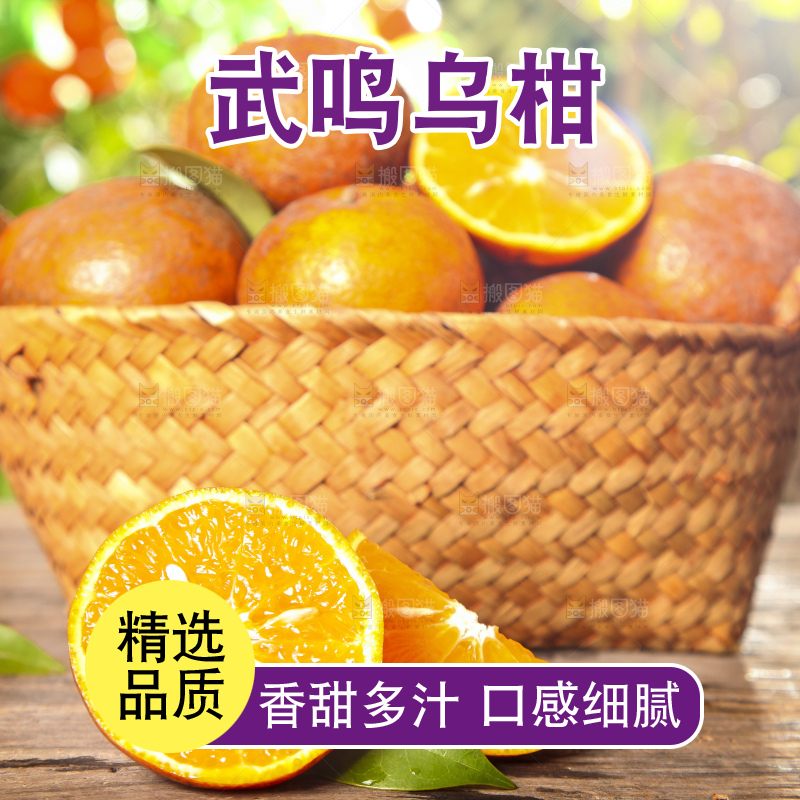 深底上的乌柑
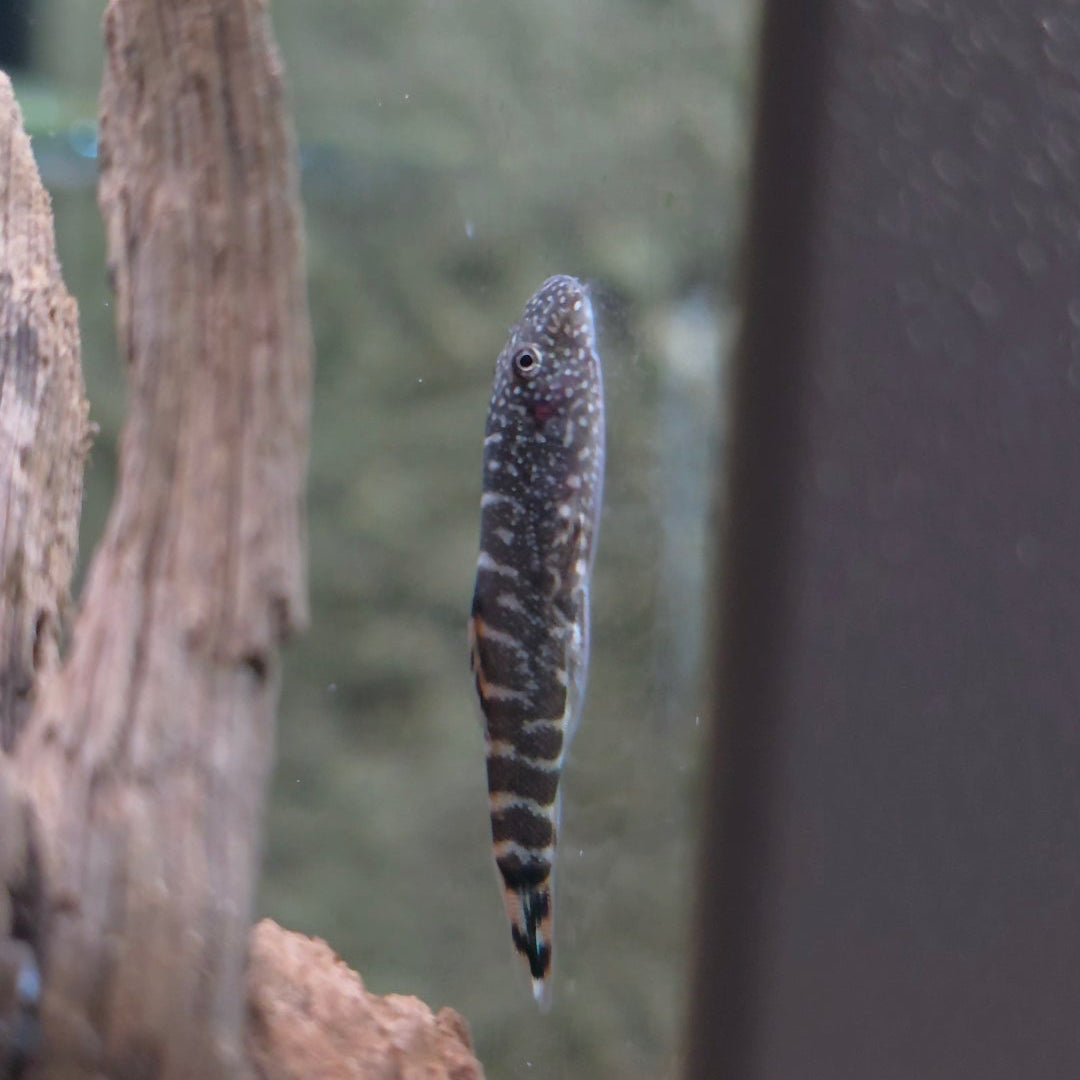 Hillstream Loach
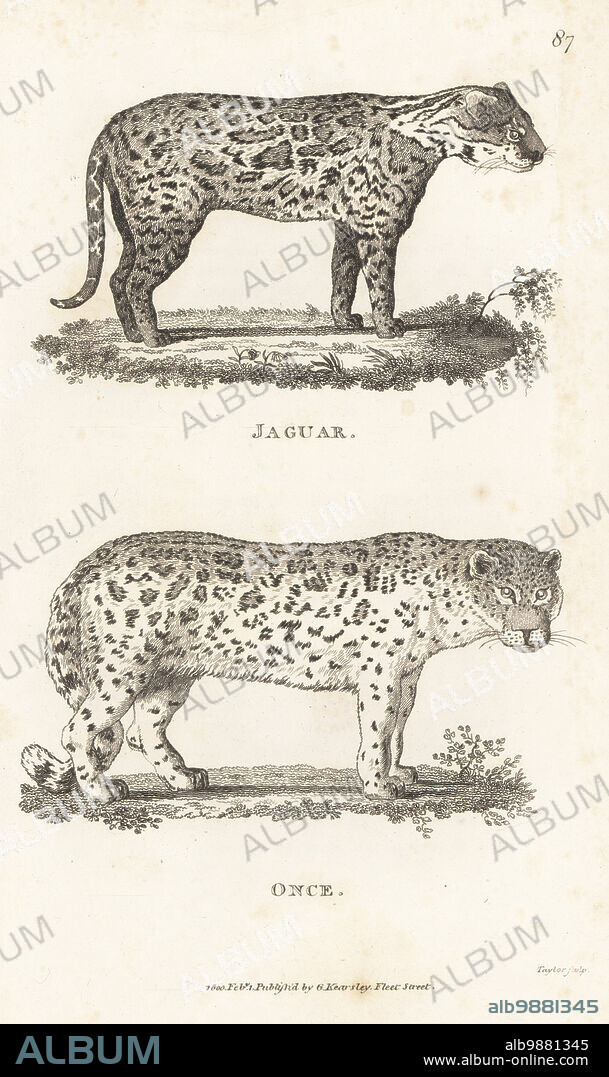 Jaguar, Panthera onca, and snow leopard or ounce, Uncia uncia. Jaguar, Felis onca, and once, Felis uncia. Copperplate engraving by Taylor from George Shaws General Zoology: Mammalia, G. Kearsley, Fleet Street, London, 1800.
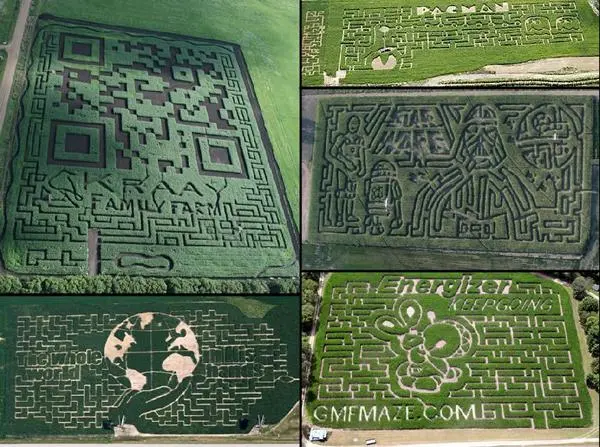 Corn Labyrinth (6)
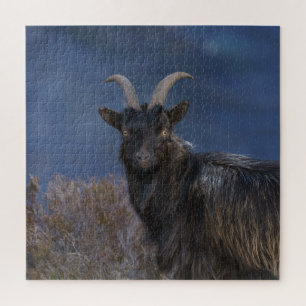 Scottish Wild Goat Puzzle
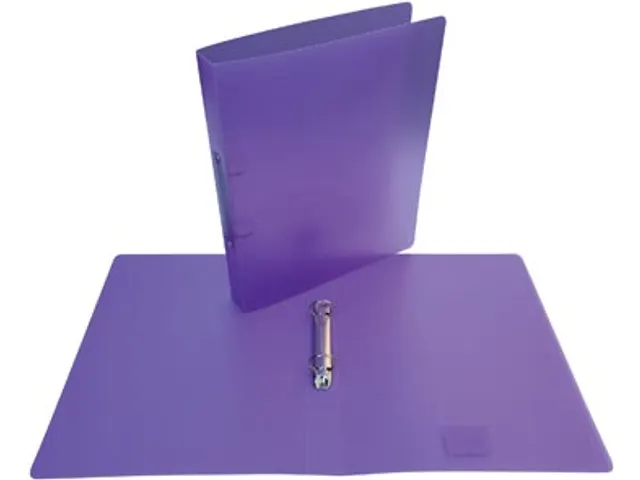 ringmap, voor ft A4, uit PP, 2 ringen van 25mm, transparant paa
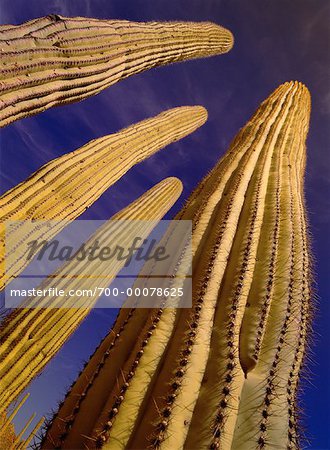 Suchen Sie oben an der Saguaro Cactus Saguaro-Nationalpark Arizona, USA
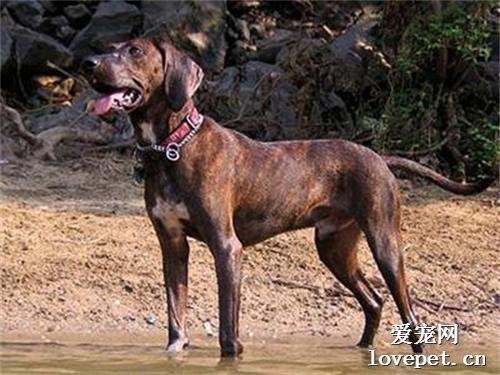 普罗特猎犬体态特征及性格特点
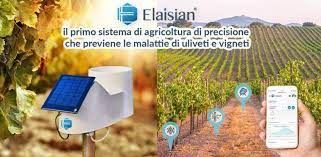 La startup agritech Elaisian chiude un round da 1 mln euro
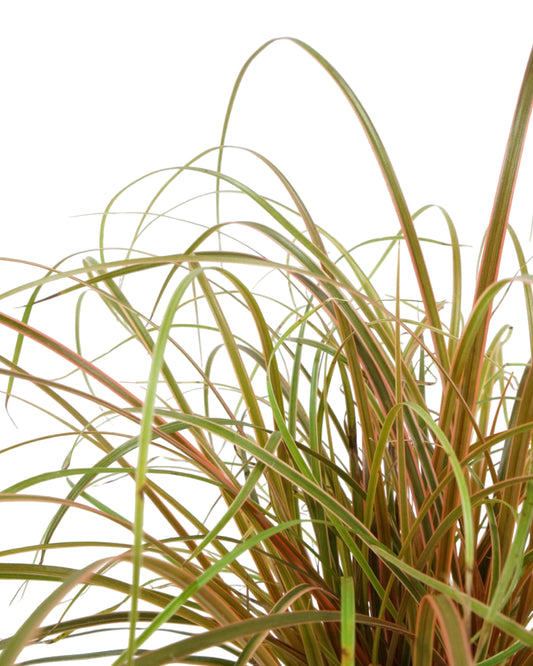 Uncinia rubra 'Belinda's Find'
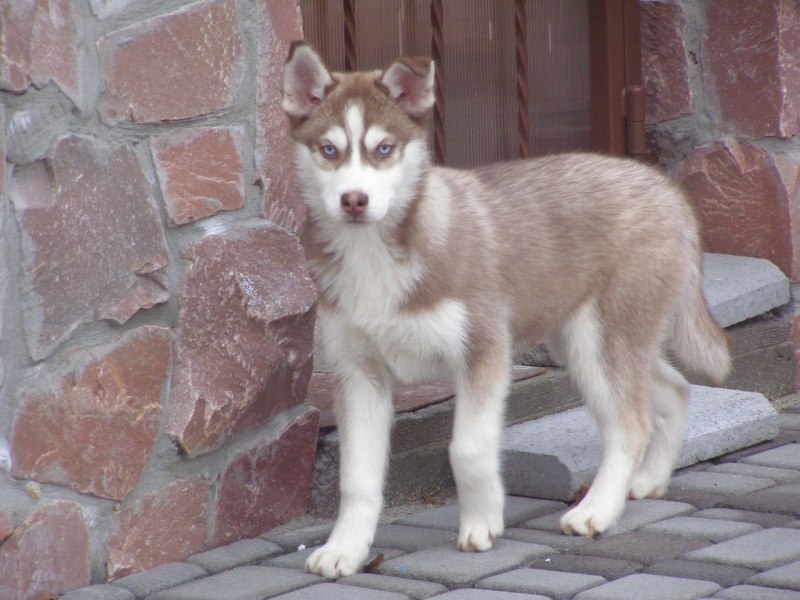 Сибирский хаски 4 месяца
* * * * *
PROBLEM REQUIREMENTS: Return only the stretch above from the line containing "Scottish Wild Goat Puzzle" through the line containing "La startup agritech", word for word and without pictures.

OUTPUT OF THE TASK:
 Scottish Wild Goat Puzzle
 ringmap, voor ft A4, uit PP, 2 ringen van 25mm, transparant paa
 Suchen Sie oben an der Saguaro Cactus Saguaro-Nationalpark Arizona, USA
 普罗特猎犬体态特征及性格特点
 La startup agritech Elaisian chiude un round da 1 mln euro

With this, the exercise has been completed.